Незнакомец посмотрел на Бремона почти с симпатией.
— Скажем так — это сфера моих профессиональных и человеческих интересов.
— Вы не руководствуетесь никакими моральными критериями при выборе ваших жертв?
— Напротив. Я убиваю только охотников.
— И, по-вашему, я являюсь одним из них?
— Несомненно. Вы охотились за Альберти. А теперь он охотится за вами.
— Я не собирался его убивать. Я хотел только разоблачить негодяя, скрывающегося под респектабельной вывеской добропорядочности.
— То есть устранить его. Убить или устранить — вопрос степени, не имеющий принципиального значения. Каждый охотится на свой манер.
— Работа журналиста состоит в охоте за истиной.
— Ваше определение страдает забавной двусмысленностью.
— Мне показалось, что вам до некоторой степени небезразлична истина…
— Вы правы. Но правда об Альберти мелка, анекдотична и не стоит ломаного гроша. Такие, как Альберти, были и будут всегда. Сами по себе они только печальная примета общей порочности человеческой породы, и это — большая и серьезная правда. Уничтожить Альберти не значит ровным счетом ничего. Это все равно, как если бы вы захотели уничтожить понятие числа, ликвидировав число 8426. Это только символический, то есть нелепый и лишенный всякого смысла, жест.

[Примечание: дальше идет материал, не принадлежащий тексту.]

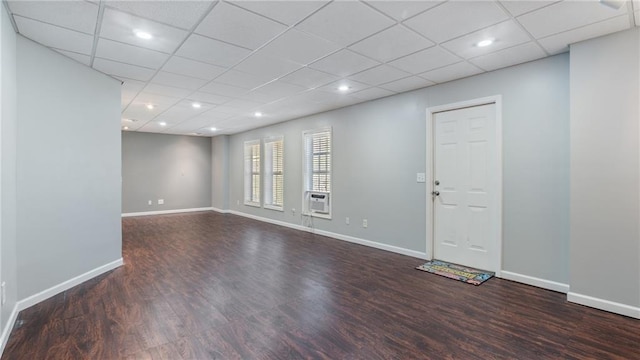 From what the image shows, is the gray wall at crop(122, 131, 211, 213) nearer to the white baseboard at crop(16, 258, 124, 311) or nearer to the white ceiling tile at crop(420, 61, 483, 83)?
the white baseboard at crop(16, 258, 124, 311)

Неужели это стоит вашей жизни?
— Я думаю, да.
— Не понимаю.
Бремон взглянул на фотографию.
— К чему весь этот разговор? — он словно принял окончательное решение. — Почему бы вам не застрелить меня немедленно?
— Вы знаете, почему. И потом, вы — не совсем обычный случай. Я намерен сделать вам одно предложение.
— Предложение?
— Крнтракт. Я предлагаю убить для вас Александра Альберти.
Пораженный, Бремон вперил в своего гостя пристальный взгляд, словно неуместность, почти несуразность того, что сказал этот человек, заставила его забыть о страхе, который он ему внушал.
— Что вы имеете в виду? — спросил он.
— Именно то, что и сказал. Я предлагаю и берусь убить для вас Александра Альберти.
— Вы решили переменить объект охоты?
— Я этого не говорил. Я всегда в точности соблюдаю условия моих контрактов. В случае вашей смерти никто не сможет свалить Альберти вашим способом. Я предлагаю сделать это моим.
— Зачем?
— Пусть это будет просто профессиональное предложение.
— Оно меня не заинтересует. Я не собираюсь устранять его таким образом. У меня нет к нему личных счетов. Я хочу, чтобы был открытый процесс. Образцово-показательный.
Кроме того, ваше предложение входит в противоречие с моими нравственными убеждениями. В любом случае мне нечем вам заплатить.
— А по-моему, есть: этой фотографией, например, — произнес незнакомец, указав на снимок в рамке.
— Что вы имеете в виду?
— Отдайте мне эту фотографию. И я буду считать, что не остался внакладе.
— На что она вам?
— Это ваша жена и дочь, не так ли?
Теперь в глазах Бремона снова зажегся страх.
— Они находятся в надежном месте, очень далеко отсюда. Вам не добраться до них, — голос его звучал глухо.
— Как и до ваших бумаг, да? Могу предположить, что они у вашей жены…
— Нет. Она не имеет к этому никакого отношения. Вам никогда не добраться до них.
— Кто вам сказал, что я стану добираться? Мне нужна только эта фотография. А взамен я убью Альберти. Я рискую своей жизнью, чтобы закончить вашу работу, и прошу у вас за это клочок бумаги.
— Что вам мешает попросту убить меня и забрать фотографию?
— Я не вор, мсье Бремон.
Повисла долгая пауза, Бремон взвешивал ответ.
— Нет, это не для меня, — сказал он наконец.
— Подумайте. Никому не известно, где спрятаны досье на Альберти и ваша семья. Полагаю, что вы их держите вместе. Вероятно, я окажусь не единственным, кому эта мысль придет в голову.
Помолчав немного, он продолжал:
— Вы поставили под удар жену и дочь, этого требовала ваша мораль или, возможно, ваше тщеславие. Альберти нашел вас. Их он также найдет. Я предлагаю вам способ хотя бы частично исправить совершенные вами ошибки. Не упрямьтесь. Альберти для вас слишком крупная дичь.
— А для вас нет?
— Для меня нет.
— Почему вы так в этом уверены?
— На стороне Альберти власть, деньги, численное превосходство и полное пренебрежение законами морали. Ваше оружие — ваш ум, ваш следовательский пыл и справедливость. Это неравная борьба, потому что вы играете по правилам справедливости, а Альберти — по правилам, которые он выдумал себе сам. Я — одиночка, как и вы, и я играю по своим собственным правилам, как и он. Однако мне известны его правила, а он не знает моих. Вот почему эта дичь мне по зубам.